The public address system was broken but that didn't bother Gov. Mills E. Godwin. He moved away from the lectern on the porch of the 170-year Tidewater home and onto the steps beside the camellia bushed and motioned to the crowd to come closer.

Then, while the barbecue and hush puppies waited simmering in the backyard, he told the 300 or so people gathered under the oaks and maples in the twilight why the election of Republican John N. Dalton was important.

"Make no mistake about it, my friends," he said in resonant cadenees reminiscent of Franklin Roosevelt. "In this commonwealth the office of governor is an extremely important and influential tradition. It sets the policy and the tone for . . . the state . . . during the next four years."

Warming to his subject as the evening cools, the 62-year-old Democrat turned Republican calls Dalton, "my right arm" - a man with "the characteristics of mind and heart and will serve Virginia well."

The summoning the combination of anger and loathsome disdain that an emperor might reserve for a roach, he turned to Dalton's opponent Henry E. Howell.

Dalton's Democratic opponent, he said, "has run many times for many offices under a number of labels . . .

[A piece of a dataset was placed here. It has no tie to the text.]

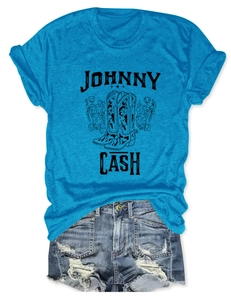 Detail of Johnny Cash graphic on blue tee with vintage cowboy boots and flowers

"He has always elected throughout the years . . . to be associated with the most liberal espousers of political causes in this nation. And you can take them all the way from (Fredericksburg former delegate) George Rawlings to (former presidential candidate) George McGovern to (Vice president Walter) Mondale . . . do they represent the kind of philosophy that has made this great state great? I say to you this afternoon, you know something about a man by the company he keeps . . .

"Here's a man," Godwin said, he voice rising over the applause, "who has the audacity to say he will be the kind governor . . . that is such a fiscal conservative that would make Harry Byrd Sr., now deceased, look a spendthrift."

An evening breeze stirred the leaves overhead, but the audience was transfixed. Godwin went on. He spoke of Virginia's right to work law ("nothing more or less than the declaration of independence of working man") and then turned his contempt on the federal government.

"Now Mr. Dalton's opponent has a friend in the White House whose appointee as Secretary of Health, Education and Welfare has put Virginia on notice that we've got to accept a quota system in our institutions of higher learning . . ." Godwin said.

"They don't even allege that Virginia has any discrimination . . . but here comes HEW marching down the road. And I've been resisting it since I was in the office before, and I've resisted it these few years, and if you help us elect this young man he's going to resist it four years more."

Howell, Godwin charged over the applause, has said he would convene college presidents and see what they think about it before he takes up with Washington.

"Well, now I tell you, if he doesn't know about it and he had to wait and get all the college presidents in to tell him what he thinks this state ought to do . . .

"I think you know what this state ought to do. I think John Dalton knows what this state ought to do and that's why we ought to elect somebody who's going to speak up for us, somebody who's going to resist the encroachment of the federal government of those things inherently part of the state's activities."

"Now, said Godwin, his voice becoming hushed with reverence, "it's a great honor, a great honor to be governor of this state. The people of Virginia have honored me in that way for longer than any Virginian who ever served. And I would like to think that that office holds a special place in the great affection and high esteem of the people of Virginia.

"Here are two men. Now you just ask yourself . . ." Godwin said, "which of these two you'd be more comfortable with . . . which one will more nearly reflect the kind of Virginia you love? Which one in a time of stress . . . will act responsibly in the traditions of this great state?

"I know who that is and you do, too . . . I'm happy to present him to you. He honors us with his presence.I hope you will honor him with your votes."

And when John Dalton stepped forward into the applause, the audience was ready.